Firstly, we are at a tipping point in that shift of economic power from the developed to the developing world. According to the IMF World Economic Outlook published in April of last year, developing economies are expected to have overtaken the advanced economies in share of world GDP from 2012 onwards. Emerging economies are set to grow much faster than those of the G7 for the next four decades. In only a decade, the share of world GDP of the advanced economies will have dropped from 55% to 45%. When charted over a 40 year period from 1992 to 2032, the impact is even more dramatic.
We are also at a tipping point in terms of the world’s middle classes, the people with spending power. In North America and Europe, the number of people regarded by statisticians as middle class is broadly static. The growth is in Asia and other emerging markets.
By 2015 the middle classes in Asia will equal those in Europe and the middle classes in the developing world will equal those in the advanced economies. The 5 years after that will see a dramatic growth in the middle classes in Asia.
When raised the question of Urbanisation at the PwC European real estate conference in 2007, the world was approaching a tipping point in urbanisation where for the first time in human history more people would live in towns and cities than in the countryside. According to the United Nations population statistics, the proportion of the world’s population living in towns and cities reached 50% in 2010. In 1950 it was 29% and by 2050 it will be 69%. The world has therefore passed a landmark point where the majority of its population is now urban.

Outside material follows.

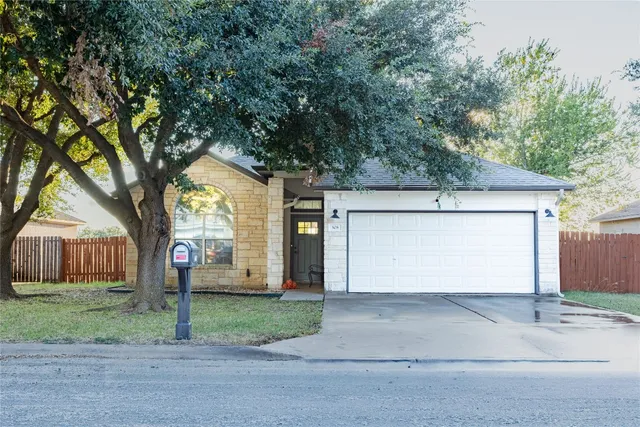 $280,000 | 508 Lydia Lane, Thrall, TX 76578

We are at a tipping point for aging population. According to the latest United Nations population statistics, the median age for the advanced economies has just passed 40. For the first time there are now more people in the developed world over 40 than under 4o. The developing world is aging too, but will remain materially more youthful than the developed world throughout our lifetimes. The process of aging in the developing world is bringing more people into the workforce rather than out of it.